The response to Katrina thus far indicates two flaws in the Bush administration's thinking about homeland security. The federal government hasn't learned how to plan for a tragedy that demands putting a city on sustained life-support, as opposed to a one-moment-in-time attack that requires recovering the dead and injured from debris and then quickly rebuilding. And DHS appears unwilling to plan for the early use of the U.S. military to cope with a civilian tragedy. Presidential administrations have perennially underestimated the difficulty of the latter task. In 1962, President John F. Kennedy's top aide, Kenneth O'Donnell, thought it would be easy to deploy troops rapidly to defend James Meredith when he was attacked by segregationists while trying to enroll as the University of Mississippi's first black student. "If the President of the United States calls up and says, 'Get your ass down there,' " O'Donnell said, "I would think they'd be on a fucking plane in about five minutes." Kennedy made that call. But then, in spite of O'Donnell's prediction, he watched in frustration as the army dithered for hours before deploying to Oxford, Miss.
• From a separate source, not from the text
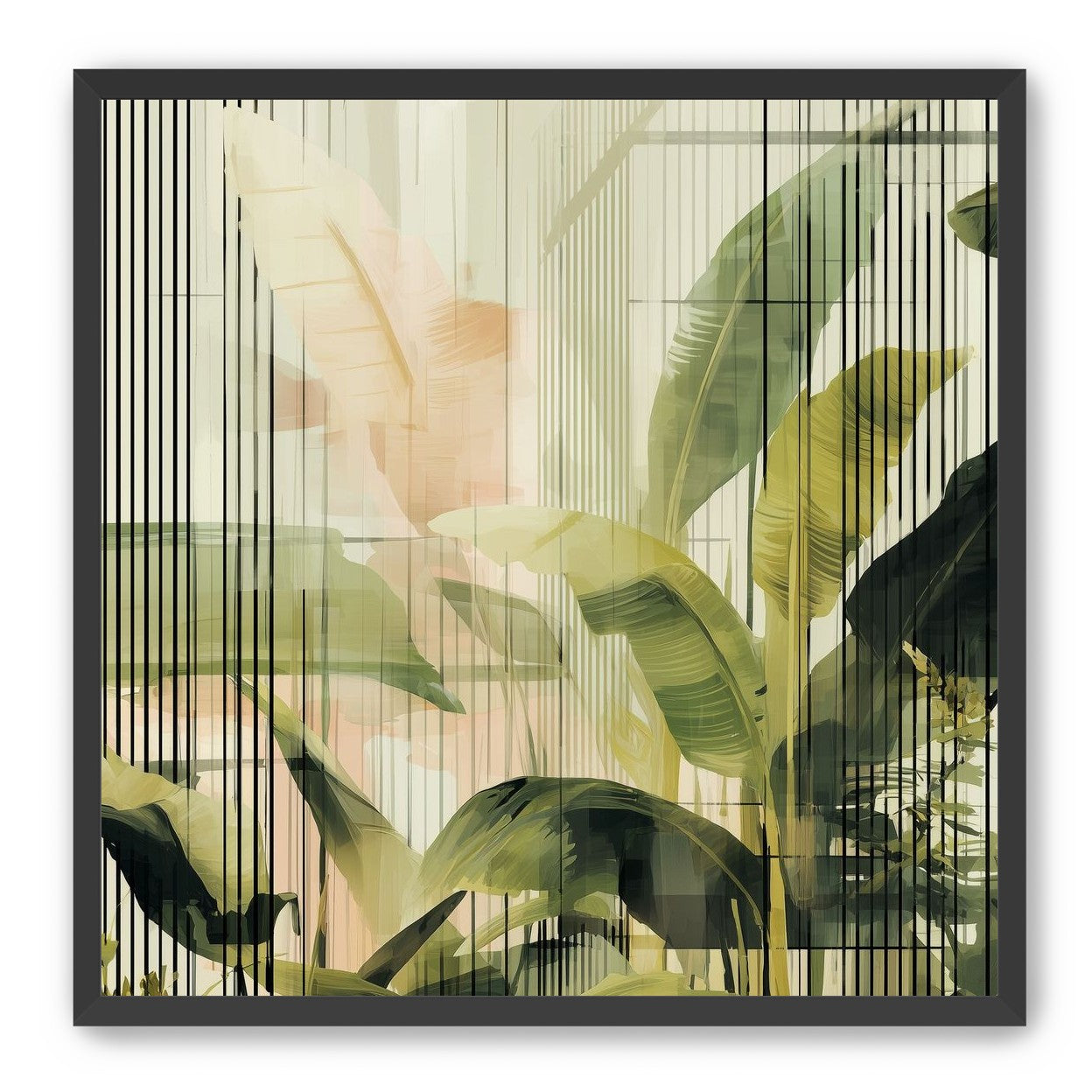 Green leaves in peach light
The Kennedy administration thus learned that the army must be told in advance what to do. As a matter of law and preference, the military does little training for domestic missions. It balks and mutters about posse comitatus, the legal principle that prohibits the use of the army for law enforcement, and leaves the hard work for the National Guard and state and local authorities. This has made sense most of the time. But in an era when we are supposed to be better prepared for an urban disaster, the tradition of allowing local and state authorities to be overwhelmed before the federal government and military step in should have been rethought.
Located only three hours from New Orleans is Fort Polk, home of the 4th Brigade of the 10th Mountain Division, a light infantry unit with about 3,000 soldiers. Also at Fort Polk is the Joint Readiness Training Center, which prepares military units to respond rapidly to crises abroad. The 4th Brigade has been training for duty in Afghanistan. Why was it also not ready to take on a local disaster scenario in hurricane season? Or at the least, once the National Hurricane Center predicted that the eye of Katrina would come close to New Orleans, couldn't DHS have deployed the military to help shore up the levees?
And in the event of a WMD attack, when there would likely be no warning at all, what is DHS's contingency plan for moving into position the army or the marines to restore order and sustain life? In the wake of Katrina and the breached levee, the answer seems to be not much of one. In the wake of 9/11, that is worse than incomprehensible. It is unforgivable.
Tim Naftali, currently a national security fellow at the New America Foundation and a former director of the Richard Nixon Presidential Library and Museum, is writing a book on the Kennedy presidency for publication in 2013.